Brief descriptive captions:
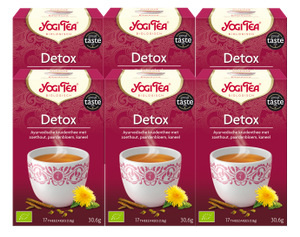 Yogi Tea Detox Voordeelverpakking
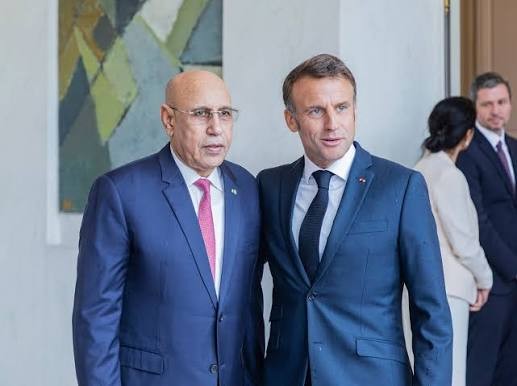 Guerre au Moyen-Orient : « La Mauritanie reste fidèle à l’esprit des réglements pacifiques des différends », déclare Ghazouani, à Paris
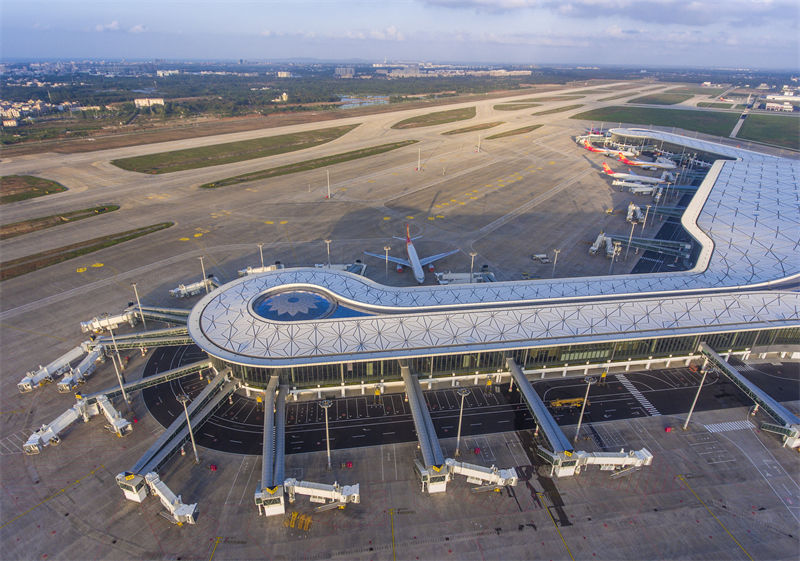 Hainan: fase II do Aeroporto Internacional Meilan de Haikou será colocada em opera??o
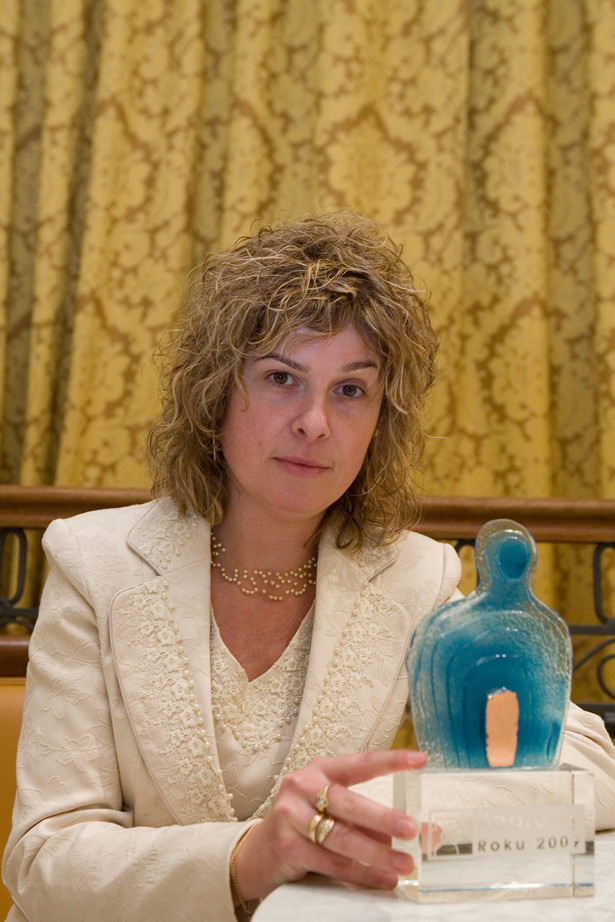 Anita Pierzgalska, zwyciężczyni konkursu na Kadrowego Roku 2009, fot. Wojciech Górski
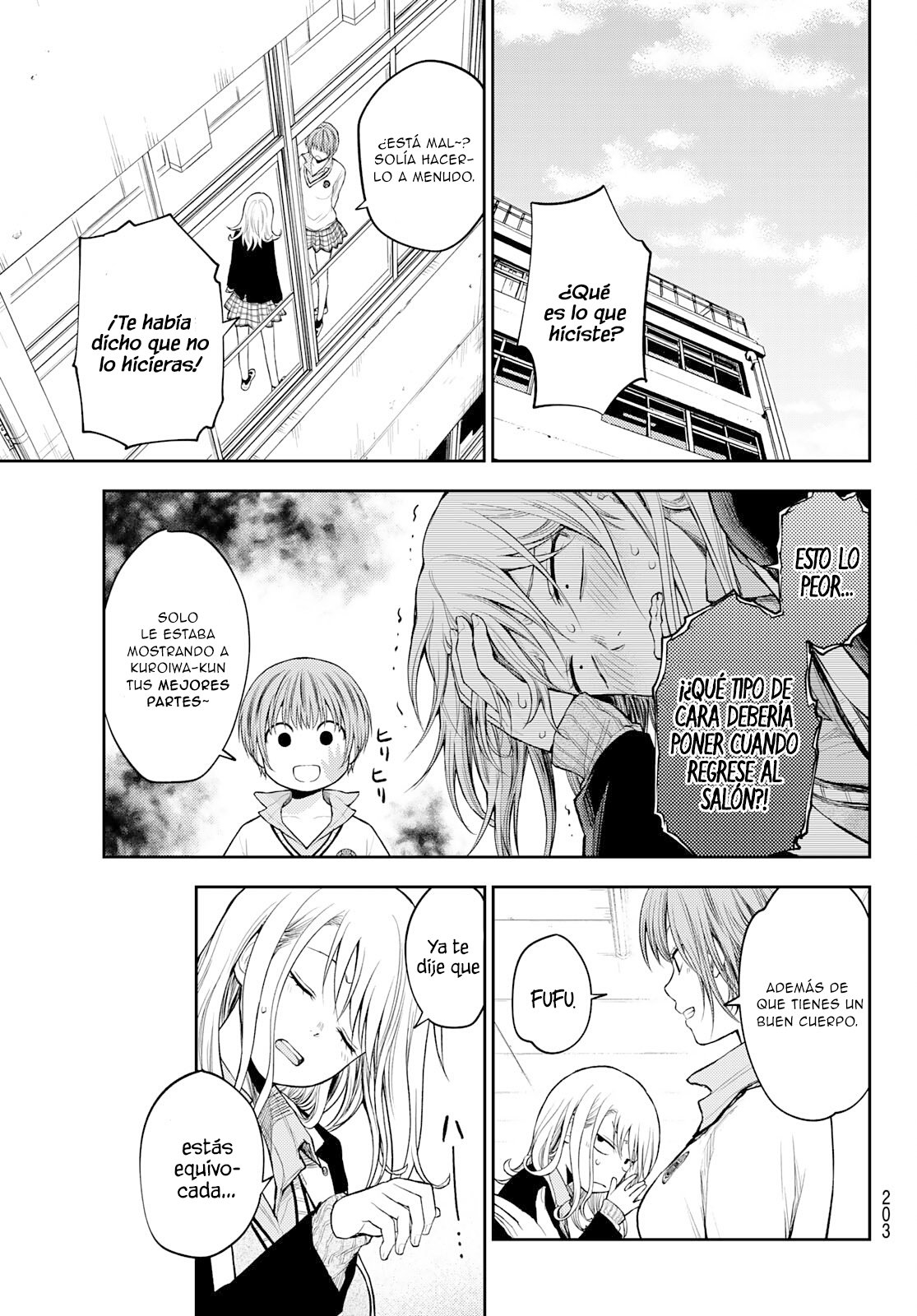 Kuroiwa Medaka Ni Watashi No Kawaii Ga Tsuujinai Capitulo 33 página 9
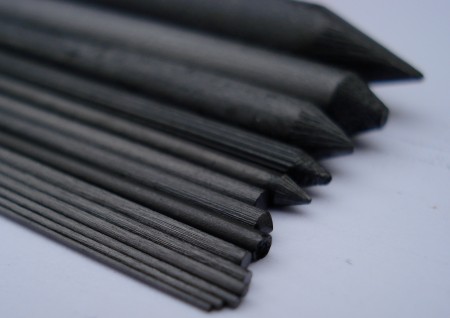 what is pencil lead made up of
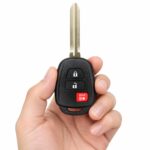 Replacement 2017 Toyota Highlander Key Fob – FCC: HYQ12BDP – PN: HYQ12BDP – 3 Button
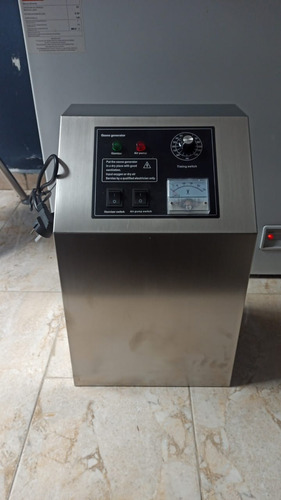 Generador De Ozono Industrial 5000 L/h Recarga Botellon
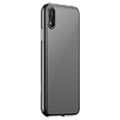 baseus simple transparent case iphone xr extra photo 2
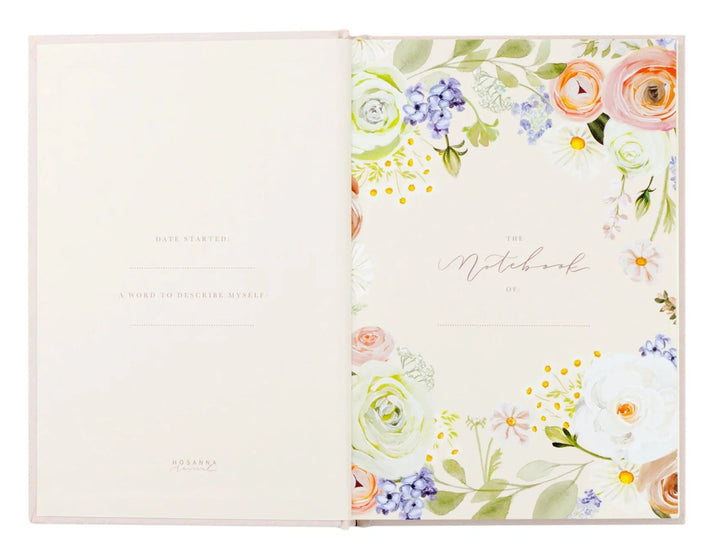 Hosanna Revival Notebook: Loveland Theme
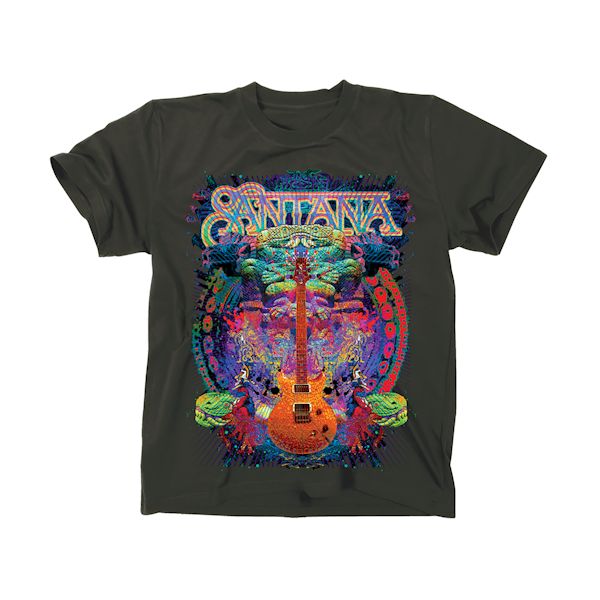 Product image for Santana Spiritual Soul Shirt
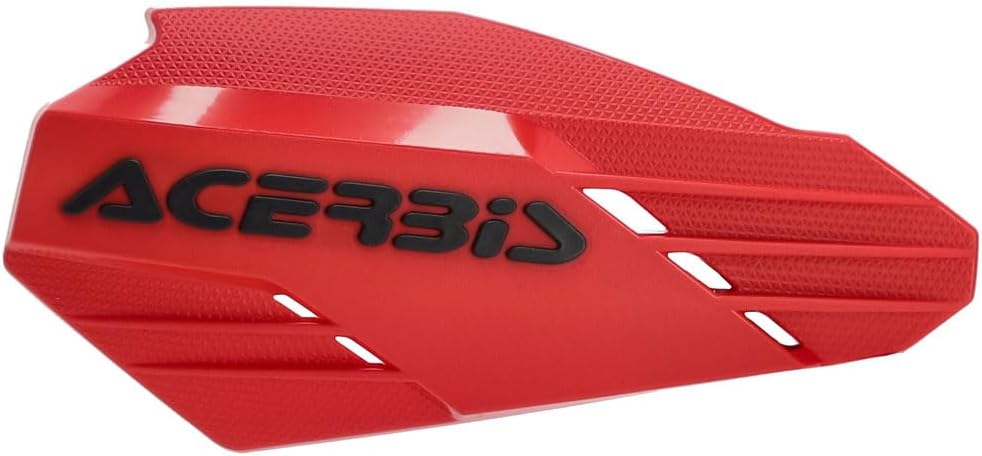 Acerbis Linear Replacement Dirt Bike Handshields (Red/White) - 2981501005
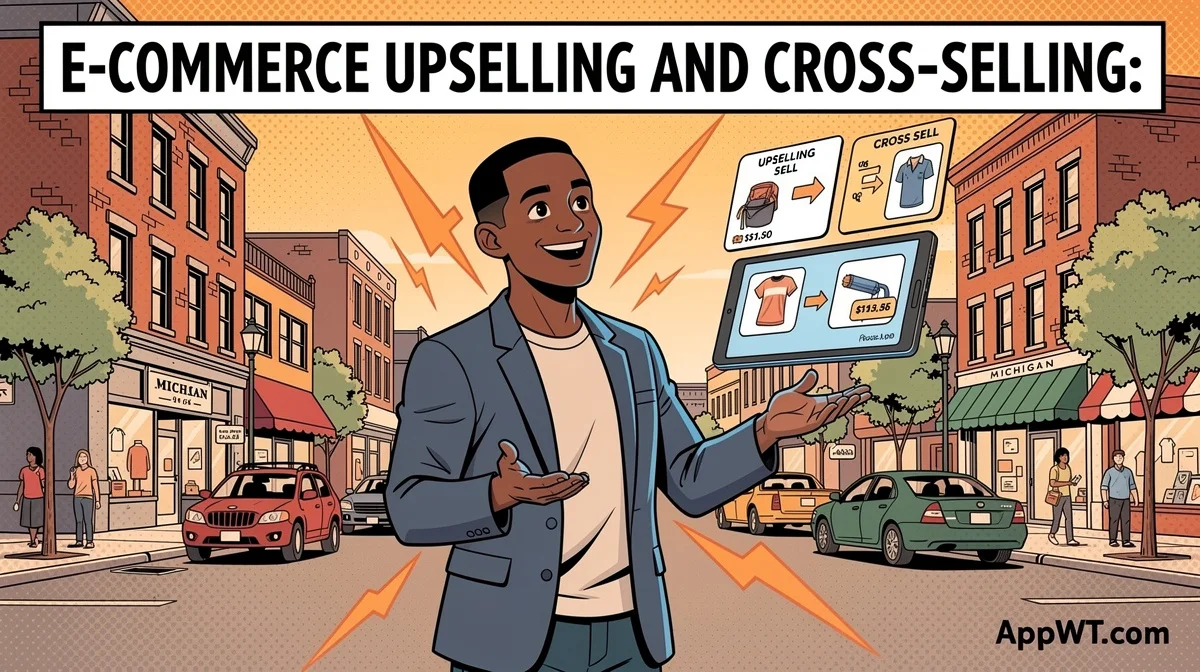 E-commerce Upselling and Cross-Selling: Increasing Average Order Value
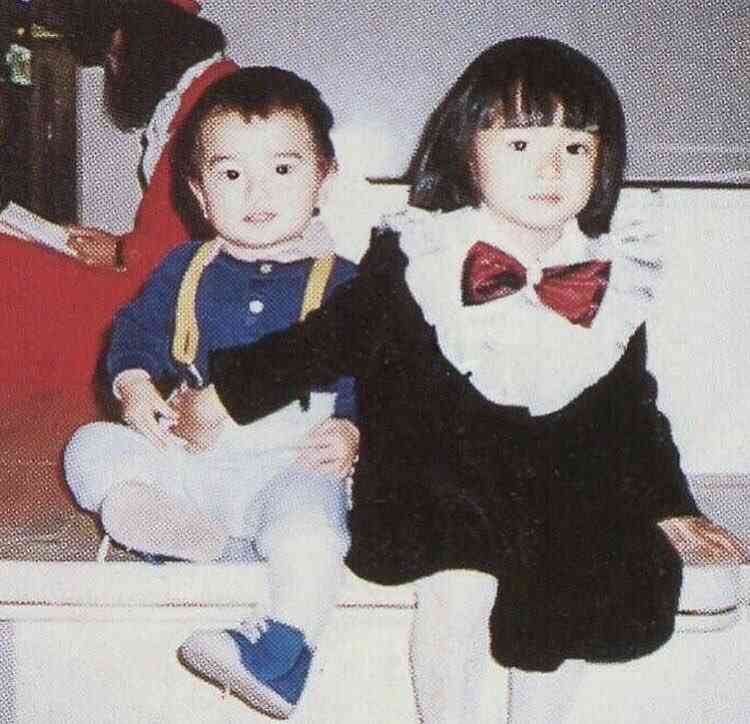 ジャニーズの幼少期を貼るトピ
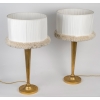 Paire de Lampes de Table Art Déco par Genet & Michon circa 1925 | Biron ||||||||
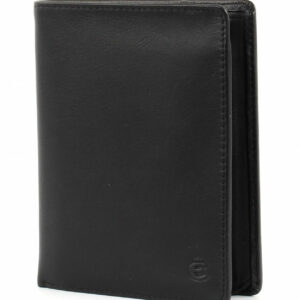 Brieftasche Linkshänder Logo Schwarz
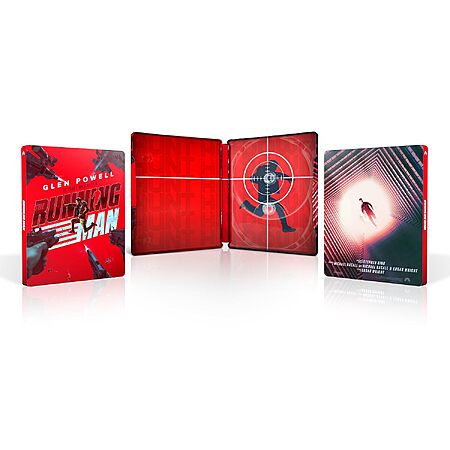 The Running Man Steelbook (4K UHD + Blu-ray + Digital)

WHAT YOU SHOULD DO: The expected output is an exact copy of the lines from the top of the data above through the line containing "Hosanna Revival Notebook: Loveland Theme", both included, with every picture omitted.

EXPECTED OUTPUT:
 Yogi Tea Detox Voordeelverpakking
 Guerre au Moyen-Orient : « La Mauritanie reste fidèle à l’esprit des réglements pacifiques des différends », déclare Ghazouani, à Paris
 Hainan: fase II do Aeroporto Internacional Meilan de Haikou será colocada em opera??o
 Anita Pierzgalska, zwyciężczyni konkursu na Kadrowego Roku 2009, fot. Wojciech Górski
 Kuroiwa Medaka Ni Watashi No Kawaii Ga Tsuujinai Capitulo 33 página 9
 what is pencil lead made up of
 Replacement 2017 Toyota Highlander Key Fob – FCC: HYQ12BDP – PN: HYQ12BDP – 3 Button
 Generador De Ozono Industrial 5000 L/h Recarga Botellon
 baseus simple transparent case iphone xr extra photo 2
 Hosanna Revival Notebook: Loveland Theme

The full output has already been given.